§ Work instructions
Return only the lines of the data below from the line with "22 Bolt Court, Lesmurdie WA 6076" up to and including the line with "3 bedroom detached", exactly as written, with the pictures omitted.

Supplied information below:

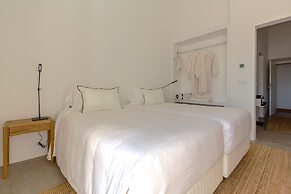 Cenoura-Brava Villas & Suites.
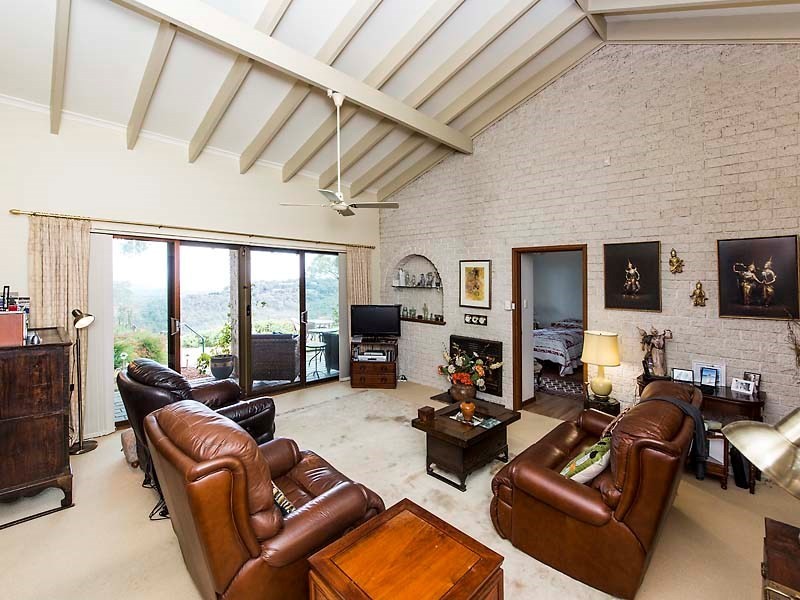 22 Bolt Court, Lesmurdie WA 6076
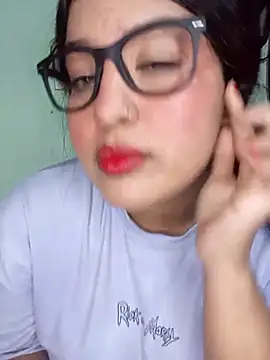 Snapshot of Cat_Hot_Party chatting on 10.10.25 Cat Hot Party online show from 10.10.25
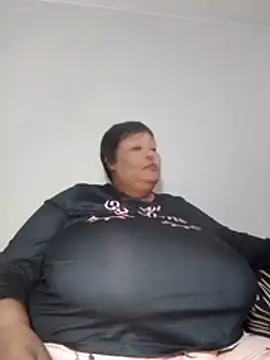nancy111's Webcam Show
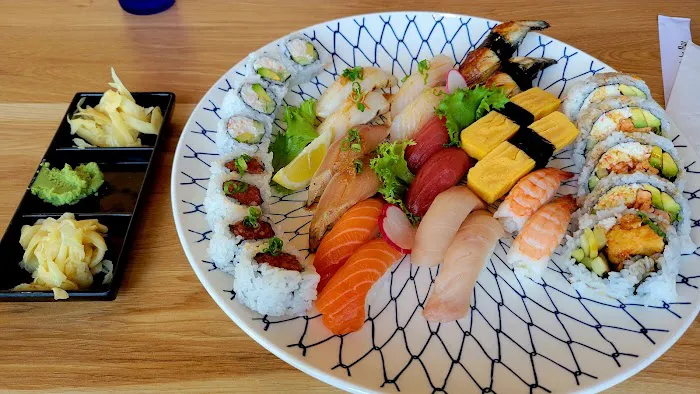 Yen Sushi & Sake Bar Picture 2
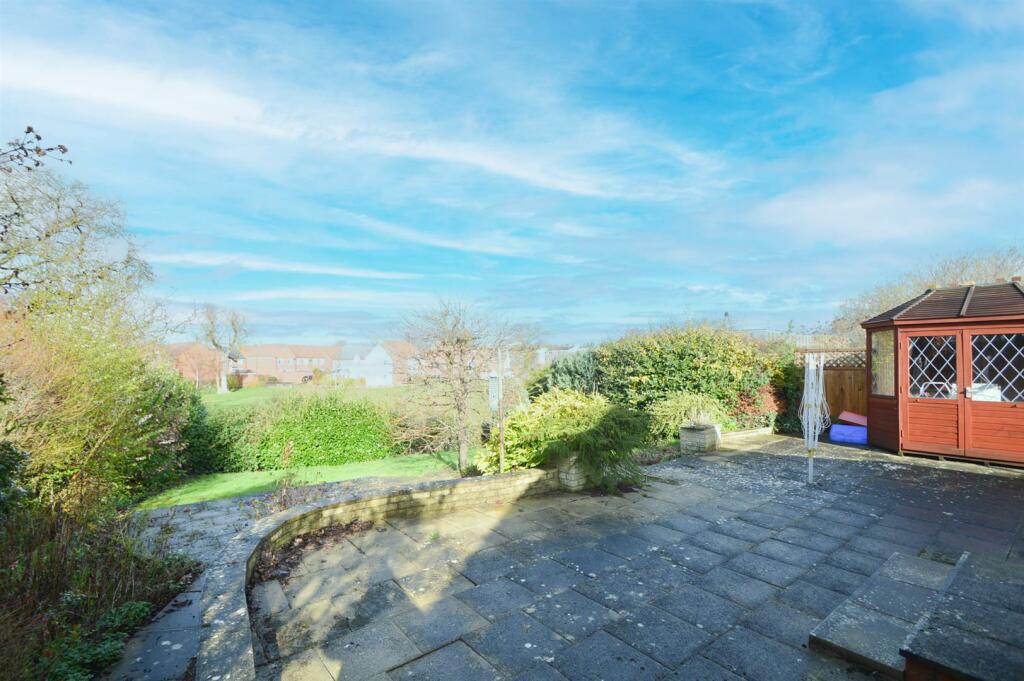 3 bedroom detached bungalow for sale in Falcons Way, Copthorne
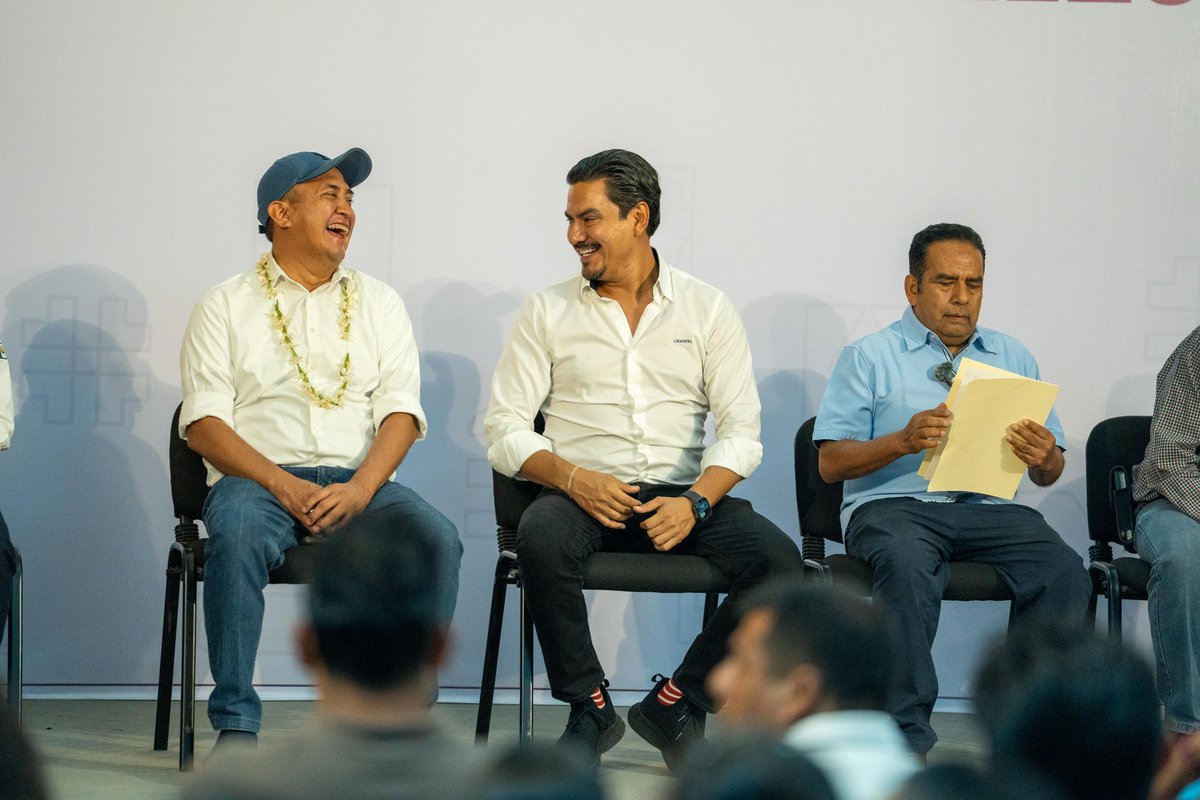raychagoya's tweet photo. 💡🤝 Acompañé al gobernador Salomón Jara Cruz (@salomonj) en la inauguración del Tercer Sendero Seguro en San Andrés Huayápam.

Una obra que fortalece la seguridad y refleja la coordinación metropolitana entre Oaxaca de Juárez y municipios vecinos para beneficio de vecinas y vecinos. 🚶‍♀️✨

#VecinasYVecinos #OaxacaDeJuárez #TransformandoJuntosLaCapital

@Nino_Morales1 
@GobOax 
@Claudiashein 
@OHarfuch 
@rosaicela_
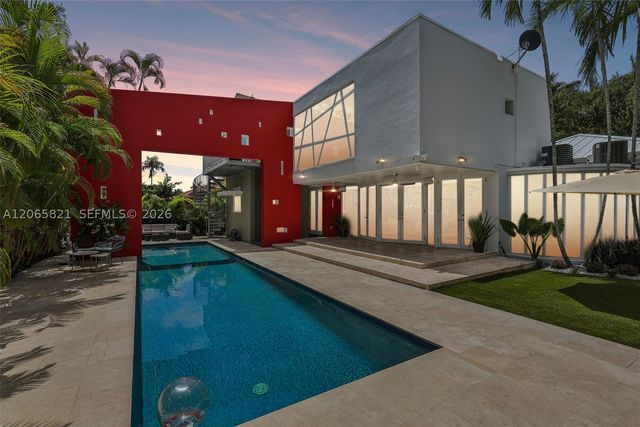 16581 NW 84th Ave, Miami Lakes, FL 33016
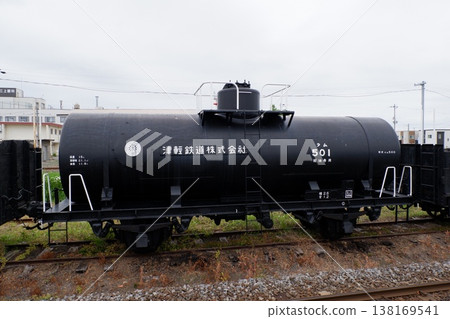 津輕鐵道TAM 501號貨車停放在津輕五所川原站 138169541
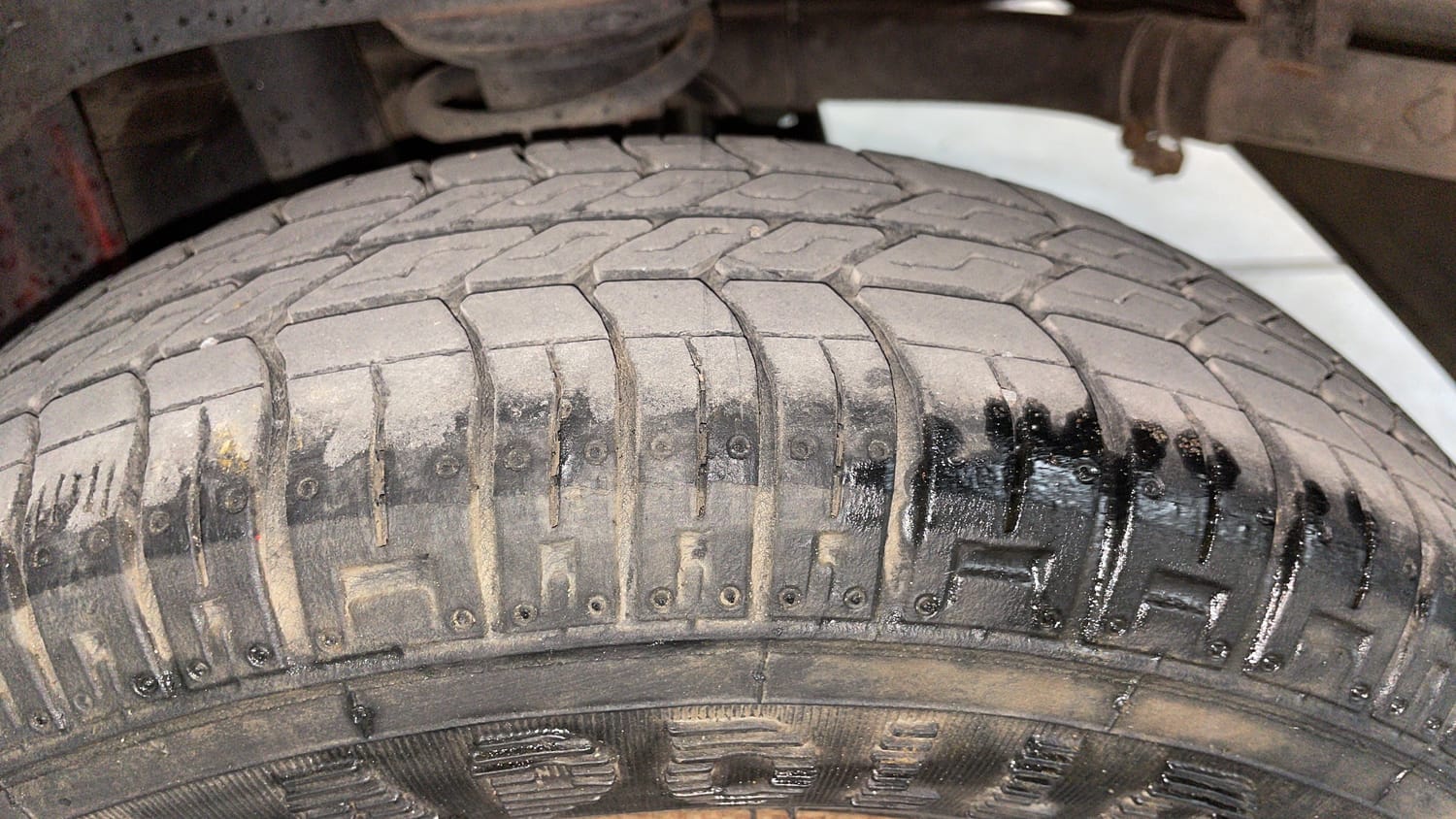 Used 2018 Maruti Suzuki Alto 800 LXi Petrol Manual tyres LEFT REAR TYRE TREAD VIEW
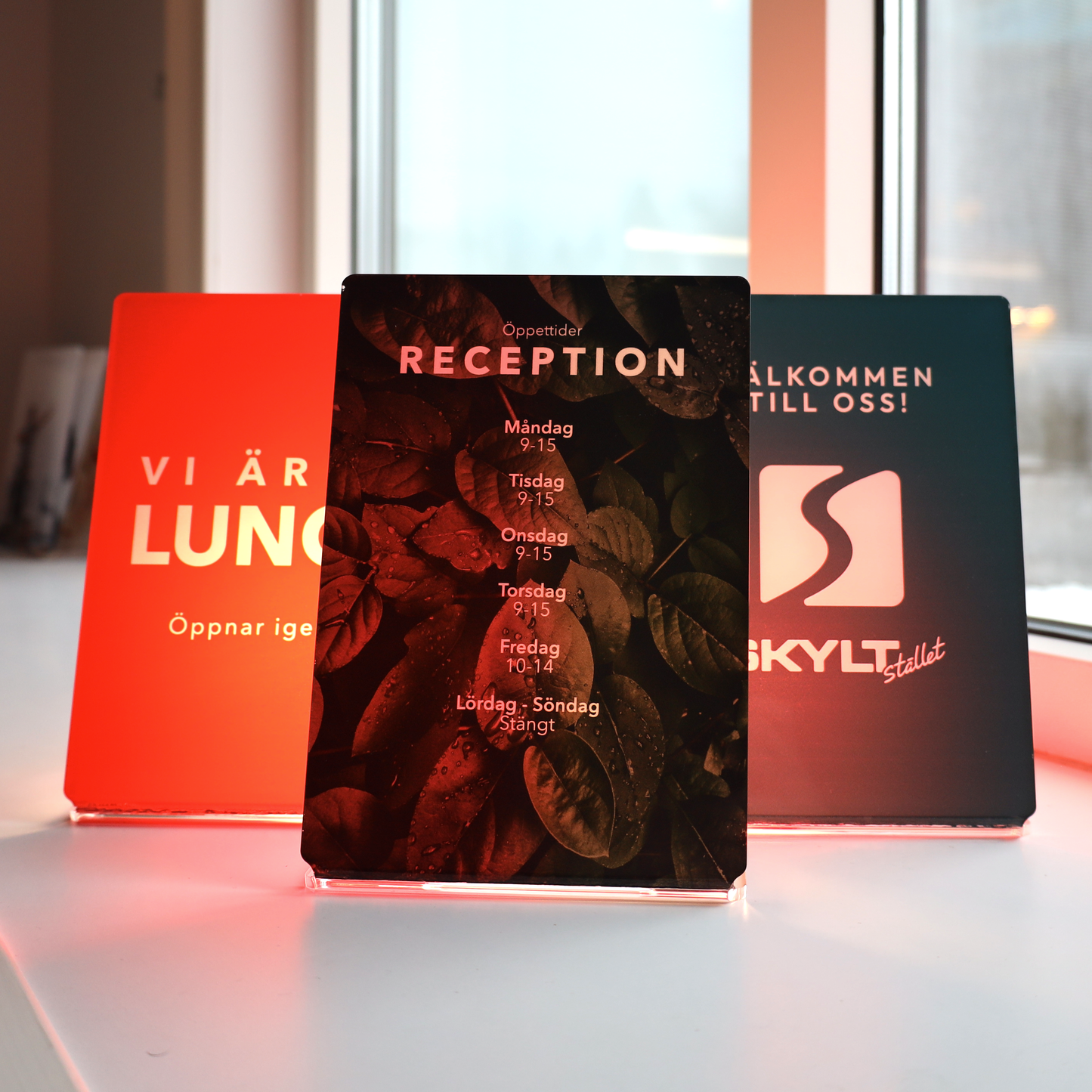 Akrylskylt | Text och logotyp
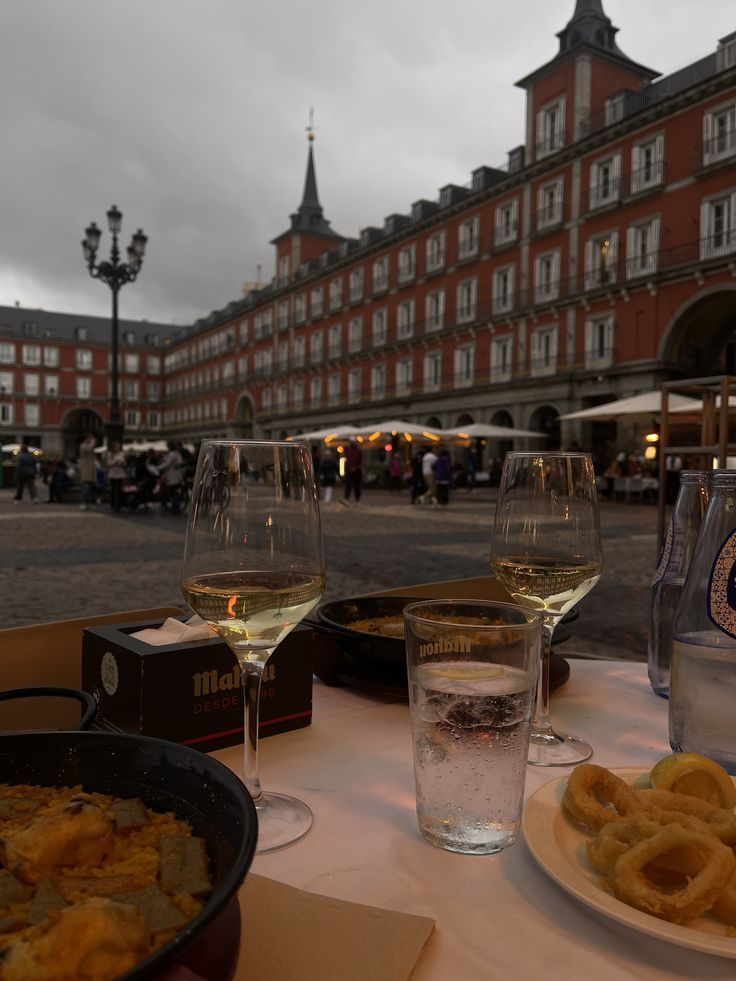 Una mesa en la Plaza Mayor de Madrid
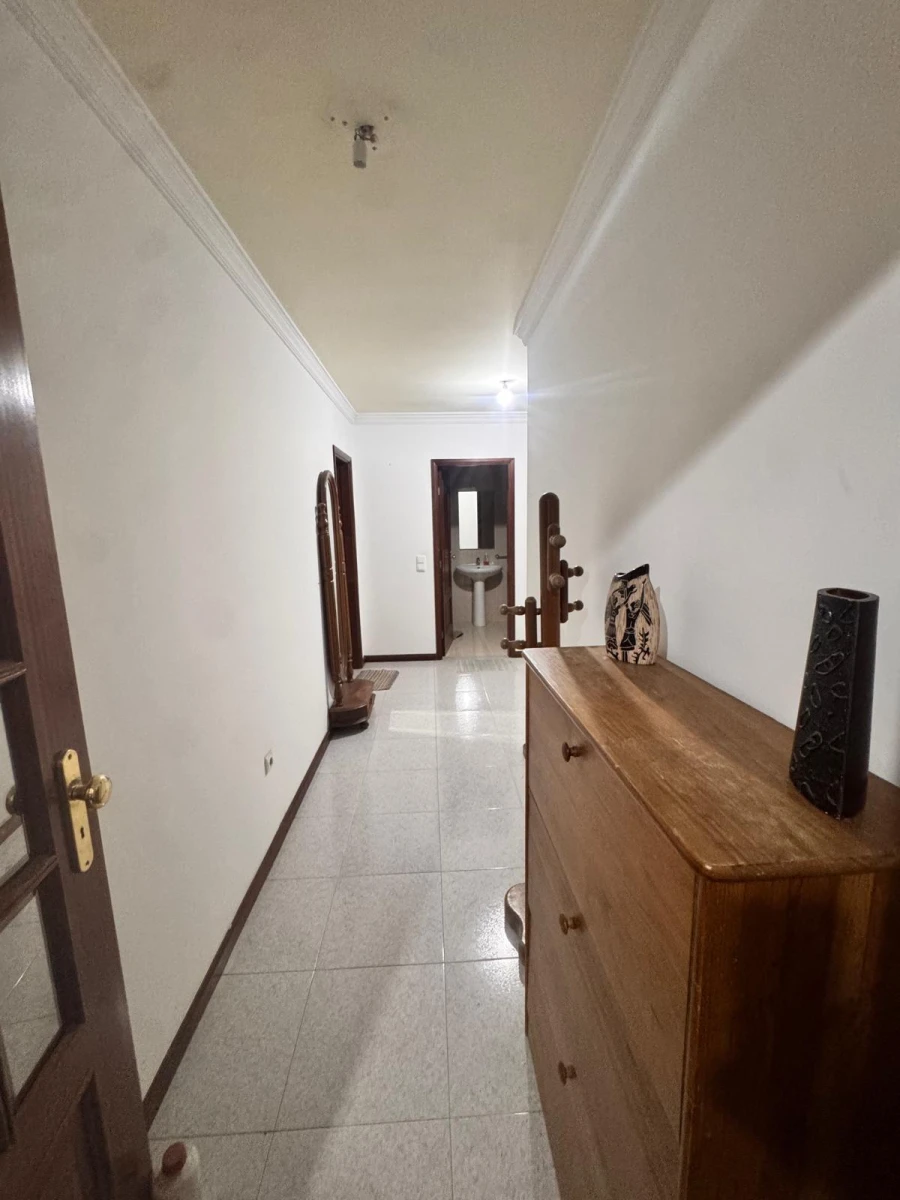 Apartamento T4 para Venda em Gandra Foto 7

End of Supplied information.

§ Your solution
 22 Bolt Court, Lesmurdie WA 6076
 Snapshot of Cat_Hot_Party chatting on 10.10.25 Cat Hot Party online show from 10.10.25
nancy111's Webcam Show
 Yen Sushi & Sake Bar Picture 2
 3 bedroom detached bungalow for sale in Falcons Way, Copthorne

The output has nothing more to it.